All of this shows that written works have a life beyond that intended by their creators. Every time they are read — casually or critically, for purposes of entertainment, scholarship or research — written words may set up a resonance in the reader’s mind, may link up with other writings to generate something entirely new, that goes on to have its own influence.

 

Literary Horror — Too Much of A Bad Thing?

Recently I read Caitlin R. Kiernan’s The Red Tree, and now I’m engaged in a struggle to finish Nick Cutter’s The Deep. Both books are in the horror genre, and both, in my opinion, are problematic.

The thing is, these are not straightforward genre books. They are literary horror. And that’s the problem.

Before I go on, I’ll just say that I have no problem with the writing itself. Kiernan and Cutter are skilled writers whose prose is artful and compelling. It’s the entire reading experience I want to dissect.

First, what is horror? It’s fiction whose purpose is to provide the reader with a vicarious experience of something terrible that is outside of reality. (This distinguishes it from thrillers, in which the threat is reality-based). It may be gory and graphic, it may be subtle and inexplicable, but whatever the fictional characters experience must be vividly shared by the reader. The best horror fiction lingers in the reader’s mind long after the book is finished, providing jolts of terror at unexpected moments.

Literary fiction is character-based. The characters and their inner lives drive the plot. Whatever happens to them is of less importance than how they change in the course of the narrative.

Strong, fully fleshed-out characters are thought to be a mark of superior fiction. Readers (this one included) who post reviews of books often complain about “cardboard cutout” or stereotypical characters.
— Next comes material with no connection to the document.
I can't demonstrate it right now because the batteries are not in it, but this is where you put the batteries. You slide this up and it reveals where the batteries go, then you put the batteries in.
But I’m wondering if that criticism applies less to horror fiction.

Think about it — in horror, it’s the situation that’s the star of the show. It’s the house with something dwelling in the cellar, the forest full of malign presences, the stealthy noises in the walls. The reader should be right there, cheek by jowl with the character experiencing these things, trying to figure out what’s happening, becoming terrified, confronting the fear, discovering the terrible truth. If the point-of-view character is also a complex personality sorting through messy personal baggage and possibly struggling with mental health issues, the story sometimes becomes muddy and tedious.

Unreliable narrators are practically a given now, even in genre fiction, and they can add texture to a story. But the degree of unreliability should be limited, and the reader must be given a fundamentally sympathetic character to travel with and root for.
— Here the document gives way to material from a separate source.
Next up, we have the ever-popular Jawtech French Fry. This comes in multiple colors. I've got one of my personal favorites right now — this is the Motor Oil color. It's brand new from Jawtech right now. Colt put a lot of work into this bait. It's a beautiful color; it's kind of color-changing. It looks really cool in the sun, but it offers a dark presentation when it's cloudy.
In both of the books I mentioned at the start of this post, the main characters are troubled to start with, as a result of unhappy childhoods or traumatic events in the recent past. Add the bizarre or dangerous situations that underpin the plots (a tree with a weird history, a research station 8 miles underwater that’s gone incommunicado) — and who is surprised when they start to crack? But the reader who just wants to experience a series of terrifying situations while sitting comfortably on the couch may get impatient when their companion character breaks down and needs psychoanalysis. It’s like when you’re on a hike in challenging conditions and your only companion starts to lose it. Yes, this ramps up the tension (always a good thing in fiction), but once a character’s psychological issues become more important than the shapes in the shadows, you have a different type of book.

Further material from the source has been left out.